WHAT YOU HAVE TO DO:
Below are records with pictures in them. Output exactly the lines from the one with "Freestyle skier flying" through the one with "Cute Shih Tzu", both included, and leave every picture out; give only those lines.

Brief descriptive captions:
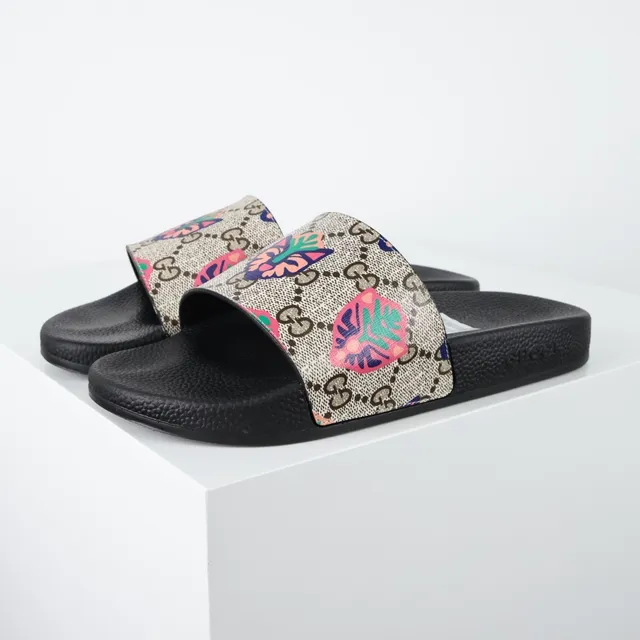 Gucci Screener GG Monogram طباعة الزهور نعال منزلقة 11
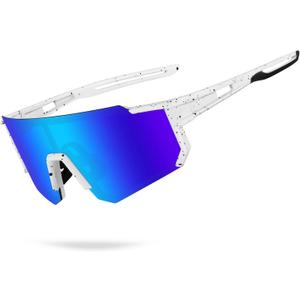 Polarized Sports Sunglasses for Men Women Youth Baseball Fishing Running Cycling Golf Trekking TAC Glasses (1 pack, Blue)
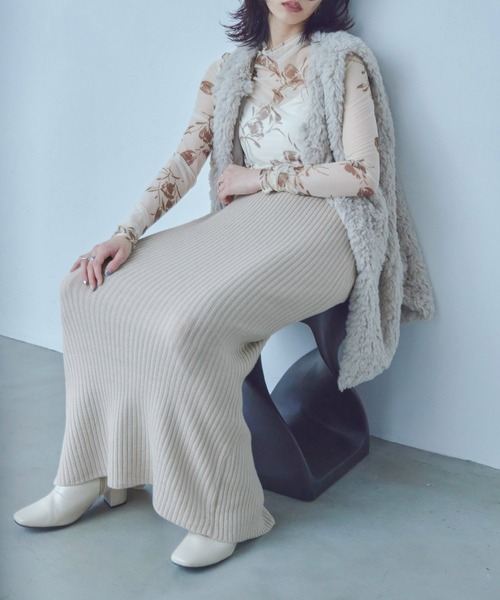 Fashion Letter(ファッションレター)の「ニットプリーツ ナローロングスカート(スカート・レディース・ブラック/ブルー/チャコール/ベージュ・M)」の13枚目の写真
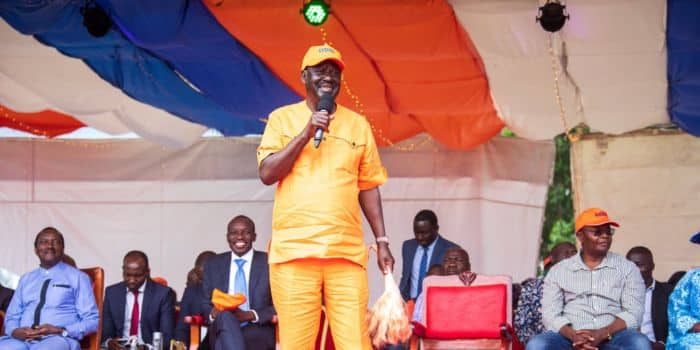 Odm Leader Raila Odinga Speaks During A Past Political Function.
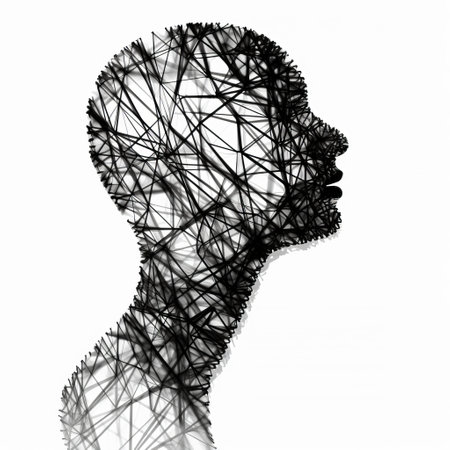 a black and white vector silhouette of a person, resembling lines, is available for purchase at the price of 1 credit, equivalent to usd 1. this artwork is inspired by the style of sculptural installation artists and features bold mixed media portraits. the human form is reinterpreted through intertwined networks, creating a visually captivating piece. the shallow depth of field and constructed photography techniques enhanceの素材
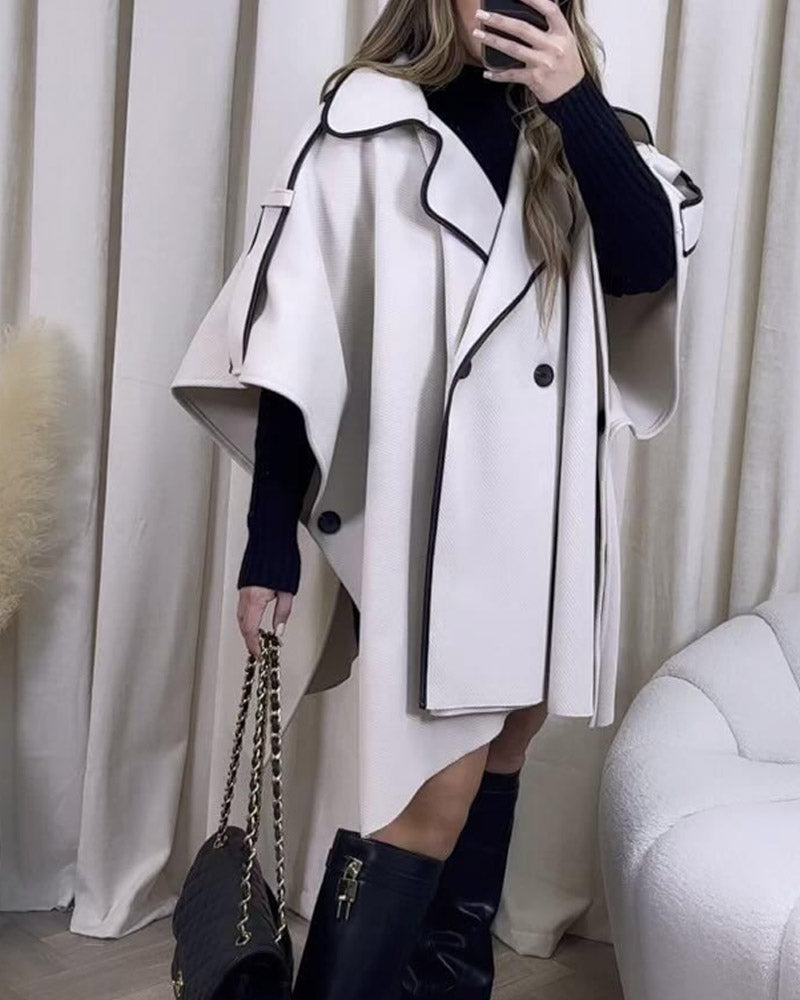 Solid Color Irregular Hem Fashion Cape Coat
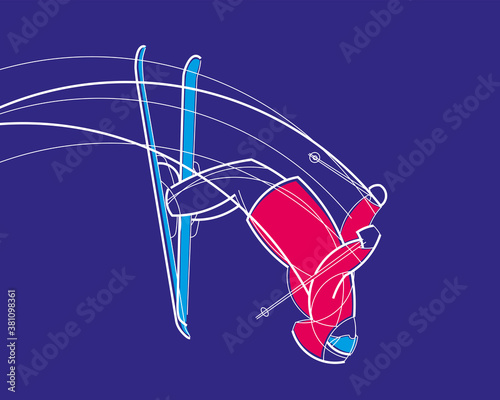 Freestyle skier flying upside down on a blue background. Linear drawing. Vector stylish graphics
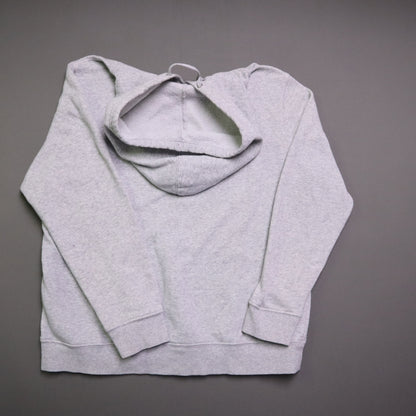 GAP 1969 Womens Medium Hoodie Sweatshirt Gray Spellout Arch Logo Pullover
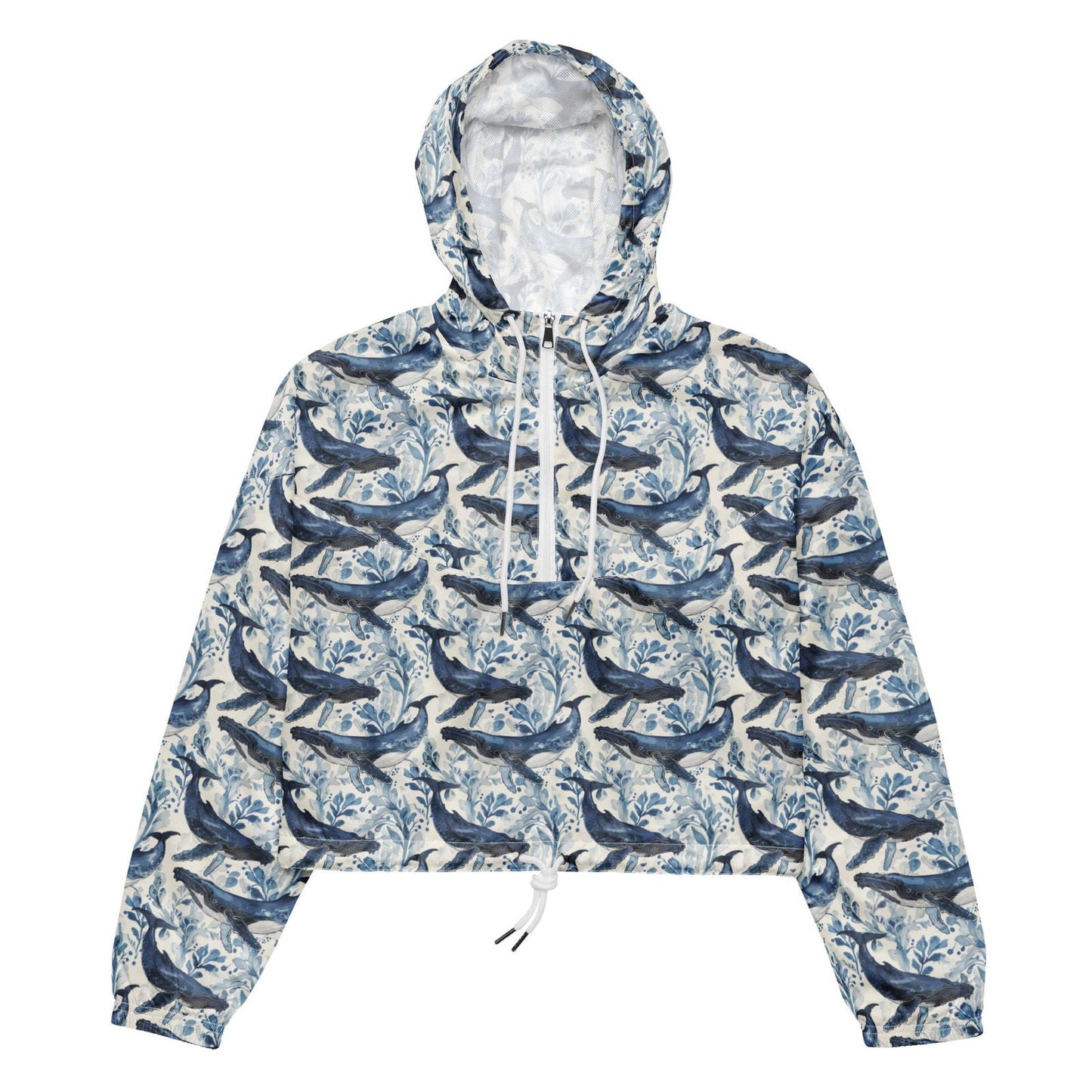 Humpback Whale Song Women’s cropped Windbreaker - 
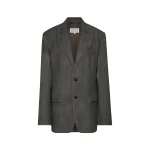 Maison Margiela Mohair Wool Suit Jacket in Dark Taupe | Luxury Shoes 
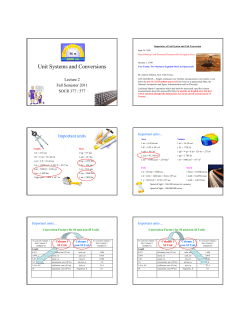 Unit Systems and Conversions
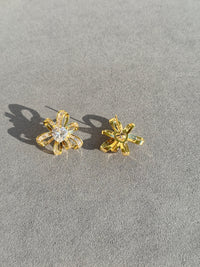 CZ DIAMOND GOLD PLATED EARRINGS
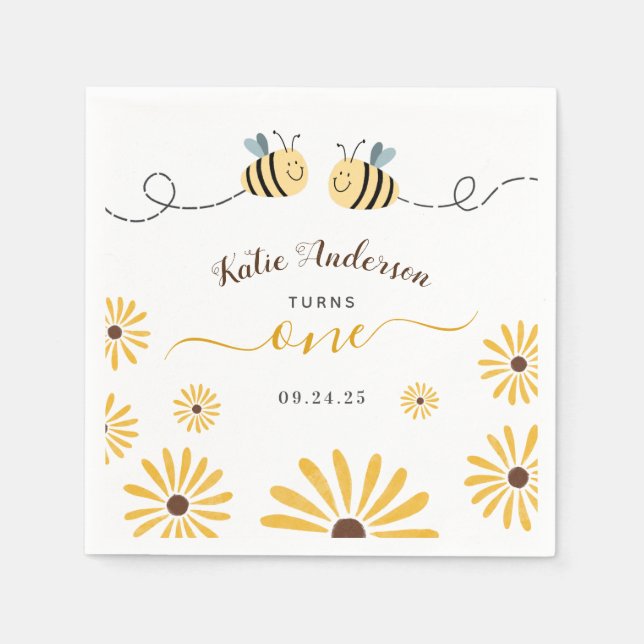 Yellow Bumblebee and Sunflowers First Birthay Napkins (Front)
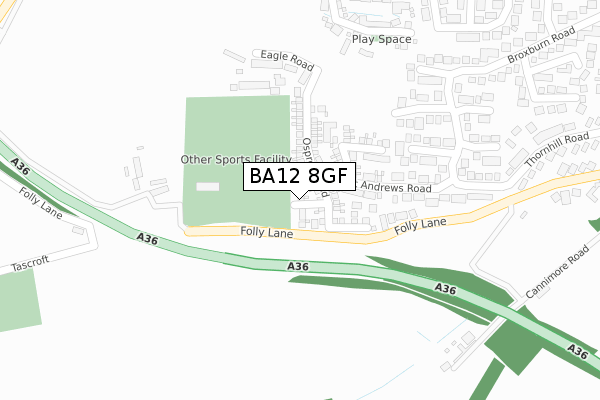 BA12 8GF map - large scale - OS Open Zoomstack (Ordnance Survey)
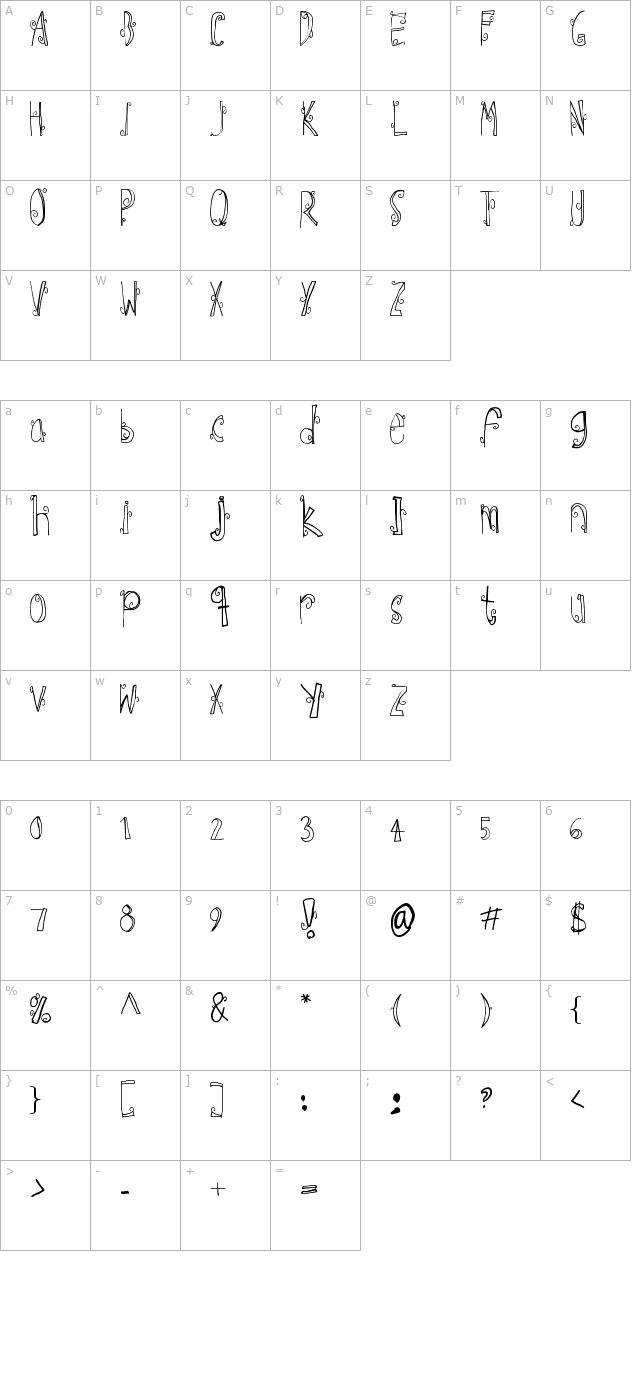 Ebba Font character map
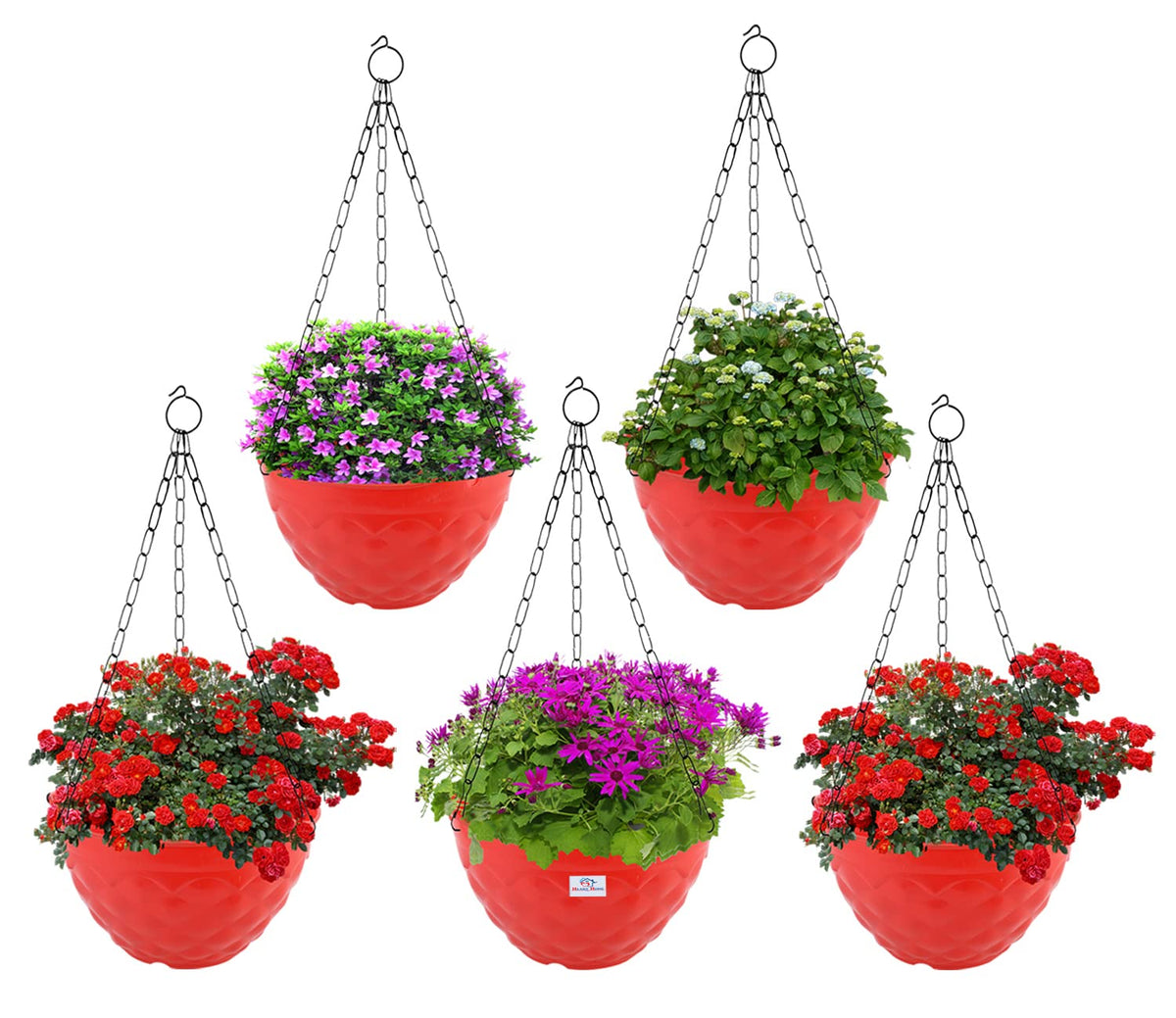 Heart Home Diamond Flower Pot|Durable Plastic Hanging Basket Flower Planter with Chain for Home|Garden|Balcony|Pack of 5 (Red)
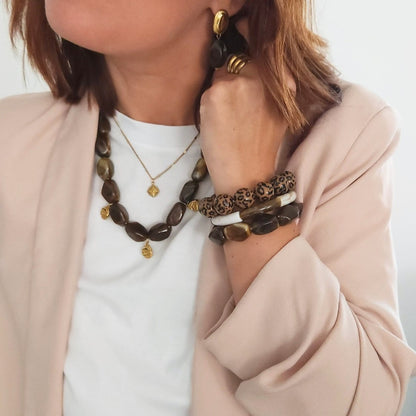 bijou tendance femme perles chocolat acier inoxydable doré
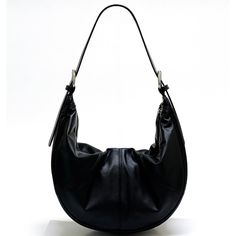 Fashion-forward Ladies Genuine Leather Crescent Shoulder Bag woyaza Black Leather Minimalist Baguette Bag, Modern Faux Leather Baguette Bag, Minimalist Black Leather Baguette Bag, Moon Shoulder Bag, Layer Top, Shoulder Bag Black, Leather Crossbody Purse, Genuine Leather Bags, Types Of Bag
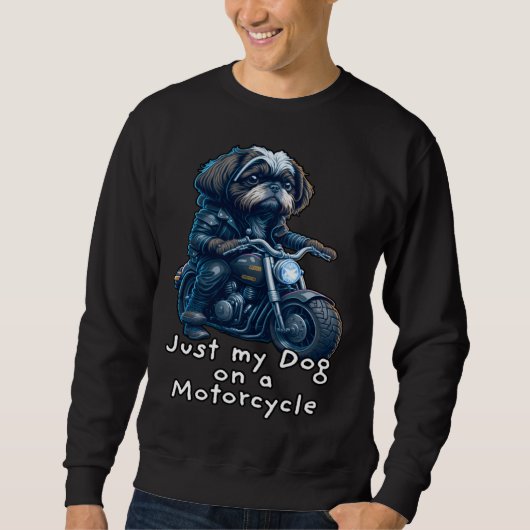 Cute Shih Tzu ride on a motorcycle  Christmas Trui (Voorkant)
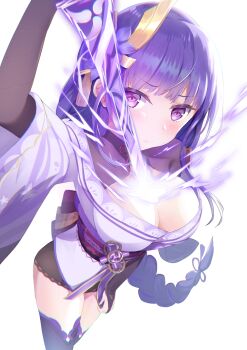 1girl arm_up blunt_bangs blush breasts bridal_gauntlets cleavage commentary drawing_sword electricity from_above genshin_impact glowing glowing_sword glowing_weapon highres holding holding_sword holding_weapon huge_breasts human_scabbard huziiro_matutya japanese_clothes kimono leaning_forward lingerie long_hair looking_at_viewer looking_up mitsudomoe_(shape) musou_isshin_(genshin_impact) neck_ribbon purple_eyes purple_hair purple_kimono raiden_shogun red_ribbon red_sash ribbon sash shade solo standing sword sword_between_breasts thighhighs tomoe_(symbol) underwear upper_body weapon white_background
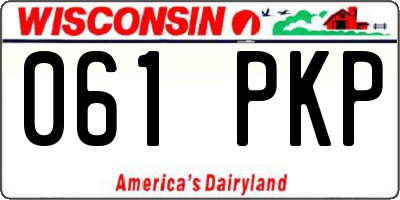 WI license plate 061PKP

TASK OUTPUT:
 Freestyle skier flying upside down on a blue background. Linear drawing. Vector stylish graphics
 GAP 1969 Womens Medium Hoodie Sweatshirt Gray Spellout Arch Logo Pullover
 Humpback Whale Song Women’s cropped Windbreaker - 
 Maison Margiela Mohair Wool Suit Jacket in Dark Taupe | Luxury Shoes 
 Unit Systems and Conversions
 CZ DIAMOND GOLD PLATED EARRINGS
 Yellow Bumblebee and Sunflowers First Birthay Napkins (Front)
 BA12 8GF map - large scale - OS Open Zoomstack (Ordnance Survey)
 Ebba Font character map
 Heart Home Diamond Flower Pot|Durable Plastic Hanging Basket Flower Planter with Chain for Home|Garden|Balcony|Pack of 5 (Red)
 bijou tendance femme perles chocolat acier inoxydable doré
 Fashion-forward Ladies Genuine Leather Crescent Shoulder Bag woyaza Black Leather Minimalist Baguette Bag, Modern Faux Leather Baguette Bag, Minimalist Black Leather Baguette Bag, Moon Shoulder Bag, Layer Top, Shoulder Bag Black, Leather Crossbody Purse, Genuine Leather Bags, Types Of Bag
 Cute Shih Tzu ride on a motorcycle  Christmas Trui (Voorkant)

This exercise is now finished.